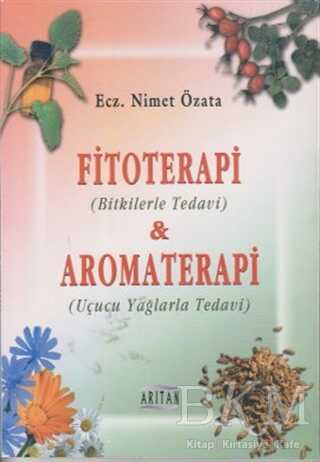 Fitoterapi ve Aromaterapi - 1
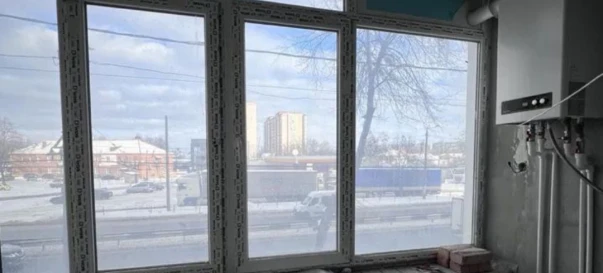 Foto 1. Monoambiente piso, en venta. Zhytomyr Богунія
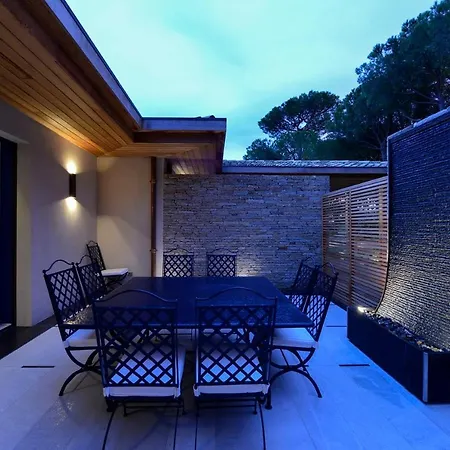 Villa High Class With Magnifique Sea View And No Neighbors Arround *
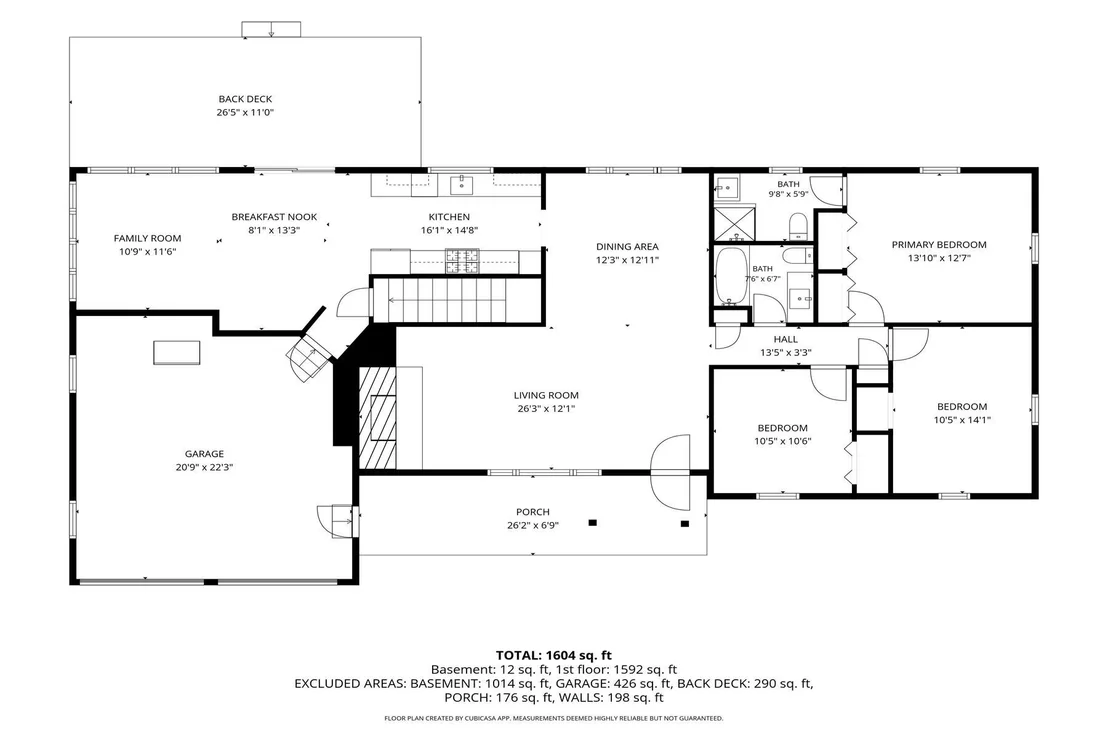 Photo of 431 Brookwood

########################################

* [Problem to solve] In the listing, find the line with "Villa High Class" and retype exactly from there through the last line, both included, leaving the pictures out.

* [Solution to the exercise]
 Villa High Class With Magnifique Sea View And No Neighbors Arround *
 Photo of 431 Brookwood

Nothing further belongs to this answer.